Education is a wonderland of pithy sayings. However there are at least three oft-repeated phrases that get tossed around again and again that I believe harm both our profession and educational mission.
Every student deserves a high school diploma.
To continue to transform a credential into an entitlement is a problem on multiple levels. First, we immediately remove the responsibility for success from the shoulders of students and place it on their schools and teachers, which inevitably leads, unsurprisingly, to all manner of nonsense designed to graduate students with little concern for academic achievement. Second, we actively encourage schools to dumb down curriculum in order to improve their graduation rates if we continue to insist that granting a diploma is synonymous with actual education.
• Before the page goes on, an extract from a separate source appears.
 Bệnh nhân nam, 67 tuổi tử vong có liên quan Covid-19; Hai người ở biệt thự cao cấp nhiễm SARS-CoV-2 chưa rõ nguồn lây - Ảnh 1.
Today a meager 25% of high school graduates are fully prepared for college or careers when they are handed a diploma, and we put this population at extraordinary risk of failure in higher education and employment—a slow motion and ongoing disaster for our nation. Moreover, weak academic standards are an open invitation to government-led social engineering in our nation’s classrooms, so our entire K-12 system finds itself where it is at present: struggling in a spider’s web of contradictory legislative mandates that seek to ordain outcomes at the expense of actual learning.
Every student should have the opportunity to learn in a school committed to high academic standards and staffed by excellent teachers who are content experts in their academic subjects; the rest, however, is the responsibility of the student. Just as our schools cheat our students if they are satisfied with low expectations, students cheat themselves if they hold everybody but themselves accountable for their own success.
Public education is suffering because we are “forced to teach to the test”.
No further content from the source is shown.